China’s Globalization 2.0
Many countries have long felt China’s economic rise through growing imports, a substantial trade deficit, and government-directed investment to recycle ballooning foreign-exchange reserves. However, new flows such as outward investment and outbound tourism are now outgrowing traditional flows, a sign that the next stage of China’s global integration has arrived. China’s globalization 2.0 offers tremendous commercial and political opportunities for its economic partners, but requires a more holistic and sophisticated response from policy makers and businesses.
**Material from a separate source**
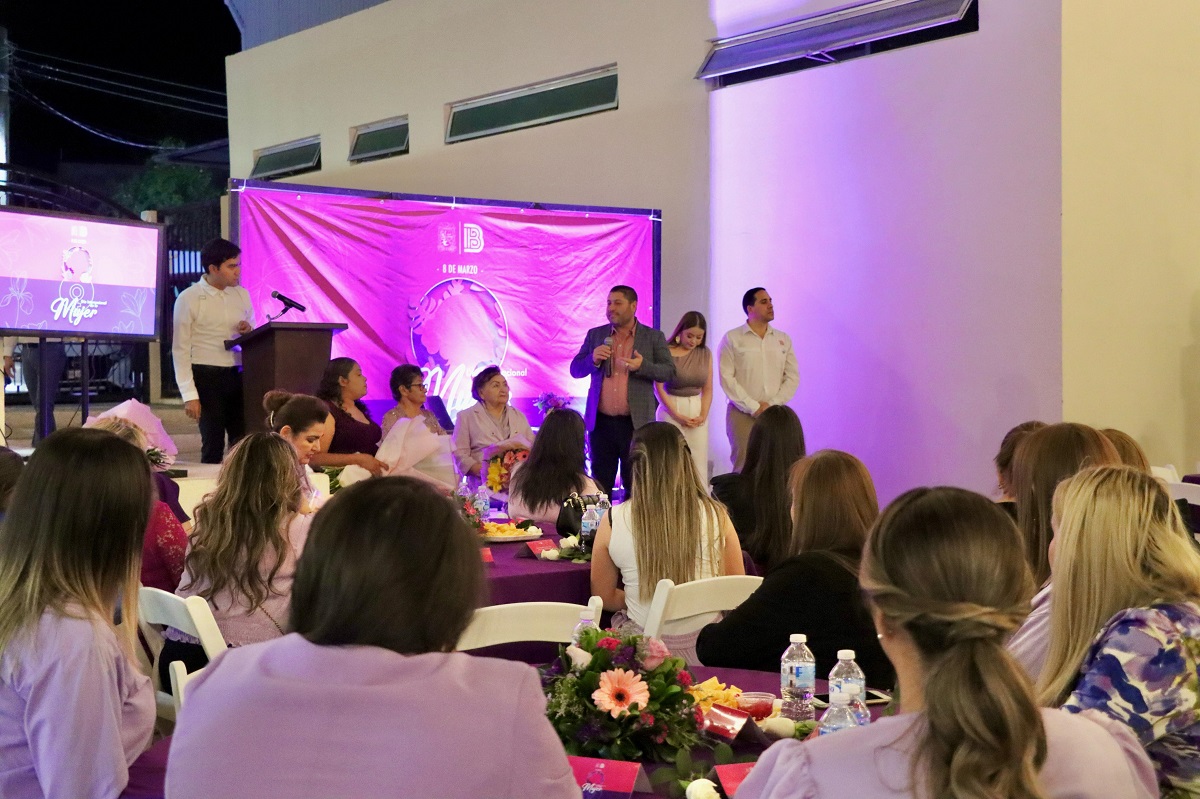 José Paz López conmemora el Día Internacional de la Mujer y reconoce a tres badiraguatenses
The past five years of U.S.-China economic relations illustrate this tectonic shift. Annual outbound direct investment (investment to create new businesses or acquire equity stakes of 10% or higher) from China to the U.S. has grown by more than 300% since 2007, according to official statistics. Alternative sources accounting for flows through third countries, such as Rhodium Group’s China Investment Monitor, point to an even sharper increase of up to 1,300%.
Tourism from China to the U.S. is also substantially higher today than five years ago. The number of mainland Chinese tourists visiting America exploded from a mere trickle to more than 1.5 million in 2012. The U.S. has become the leading destination for Chinese tourists outside Asia, and Chinese travelers have one of the highest per capita spending ratios of all foreign visitors.
Traditional modes of economic interaction are growing at slower or negative rates. Direct investment by U.S. companies in China, Chinese exports to the U.S. and Chinese purchases of U.S. Treasury securities are all well off their peak growth rates. The new flows are growing from a low base, and a high growth rate still yields only modest total values. But as the new flows speed ahead, so too do their relative share and importance.
This trend will continue. China needs to shift to a more sustainable growth model, and adopting a new growth strategy will trigger a structural catch-up process in global investment and consumption. China Inc. is only as far along toward investing in the U.S. as Japanese firms were in the 1970s. We project China’s global direct investment stock to grow from its current $400 billion to more than $1 trillion by 2020, with an increasing share of investment flowing to developed economies.
The changing nature of the U.S.-China economic relationship may also change the political climate. Past integration with China brought mostly abstract benefits, such as lower prices for consumers, and several immediate downsides, such as diminishing manufacturing employment—a recipe for controversy.
But now, Chinese investment dollars are increasingly creating jobs, generating tax revenue and producing myriad other local benefits. Chinese firms employed 30,000 Americans by the end of 2012, up from fewer than 10,000 five years ago. Chinese customers are increasingly important for sustaining U.S. jobs in export industries and local services including hospitality and retail.
Sustaining those flows will require a serious update of attitudes and policies. The still fragile global economy spurs plenty of cutthroat competition to attract Chinese investors, tourists and shoppers, and the U.S. is putting itself at a disadvantage if it does not adapt to those new realities.